Kejati Jatim Tetapkan TA DPR RI Tersangka Baru BSPS Sumenep, Diduga Terima Imbalan Rp3 Miliar

fathorrosy
2 Min Read
Tersangka Baru BSPS Sumenep tampak didampingi Kejati Jatim

In – Kejaksaan Tinggi (Kejati) Jawa Timur kembali mengembangkan kasus dugaan korupsi Bantuan Stimulan Perumahan Swadaya (BSPS) tahun 2024 di Kabupaten Sumenep. Senin (26/1/2026), satu tersangka baru ditetapkan dalam pengembangan kasus tersebut.

Tersangka tersebut adalah AHS, yang berprofesi sebagai Tenaga Ahli (TA) seorang anggota DPR RI periode 2019-2024 berinisial SR. Penetapannya tercantum dalam Surat Kepala Kejati Jatim Nomor: Kep-15/M.5/Fd.2/01/2026.
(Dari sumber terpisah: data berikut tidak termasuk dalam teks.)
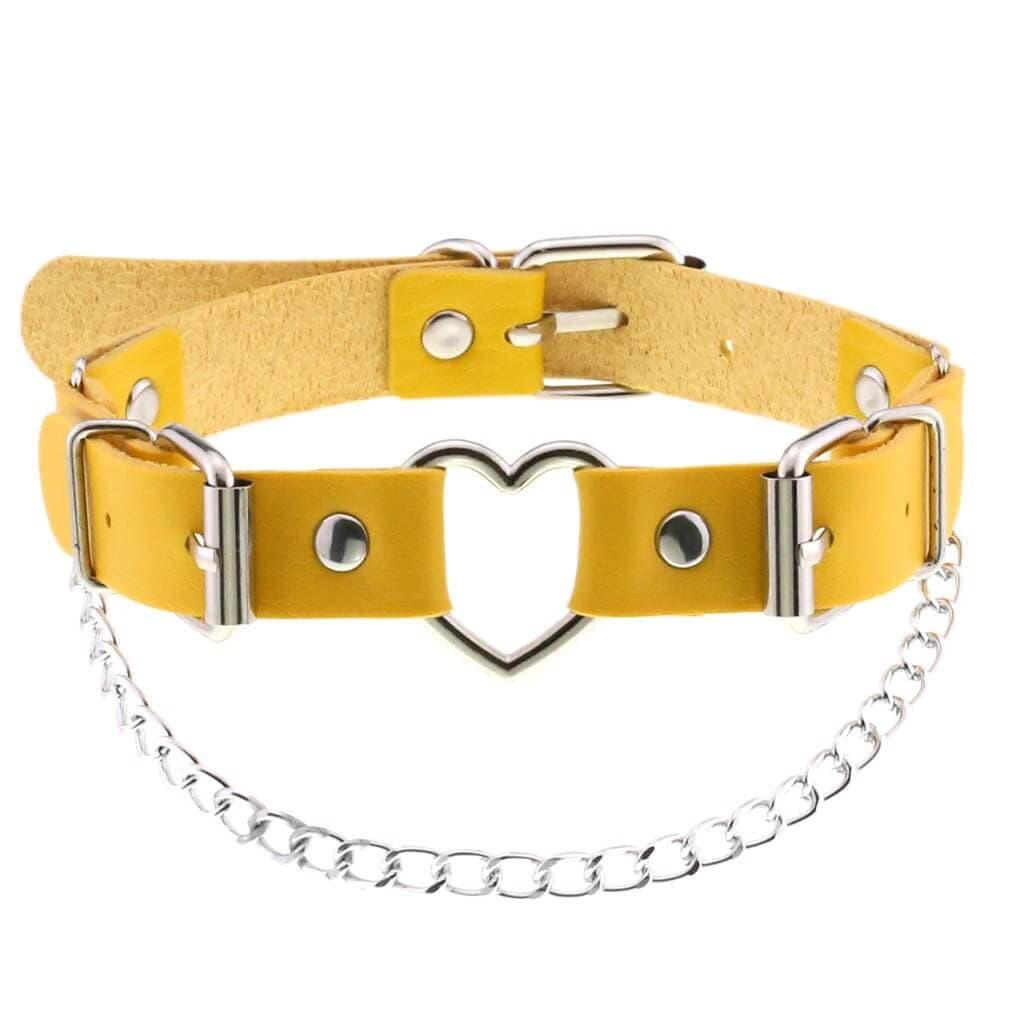 Collier choker gotique en similicuir pour femmes - EMAKUJITIA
Kajati Jatim, Agus Sahat Sampe Tua Lumban Gaol, menjelaskan bahwa AHS diduga berperan mengatur daftar usulan penerima bantuan yang berasal dari aspirasi SR. Atas perannya itu, AHS disebut menerima imbalan dari tersangka sebelumnya, RP (Korkab BPS Sumenep).

“Imbalan yang diterima sebesar Rp2 juta untuk setiap penerima bantuan. Jumlah penerima mencapai 1.500 orang sehingga total imbalan yang diterima mencapai Rp3 miliar,” jelas Sahat.

Dengan adanya penetapan tersangka baru ini, total sudah enam orang yang ditetapkan sebagai tersangka dalam kasus ini. Sebelumnya, Kejati telah menetapkan RP, AAS, WM, HW, dan NLA. Kerugian negara yang dihimpun hingga saat ini mencapai Rp26,8 miliar lebih.

Untuk mengamankan kerugian keuangan negara, Kejati Jatim telah menyita uang sebesar Rp1 miliar dari tersangka AHS. Uang tersebut akan dititipkan di Rekening Penampung Lainnya (RPL) Bank BNI.

Guna kepentingan penyidikan, AHS ditahan selama 20 hari terhitung sejak 26 Januari 2026 hingga 14 Februari 2026. Penahanan dilakukan di Cabang Rutan Kelas I Surabaya berdasarkan surat perintah yang telah dikeluarkan.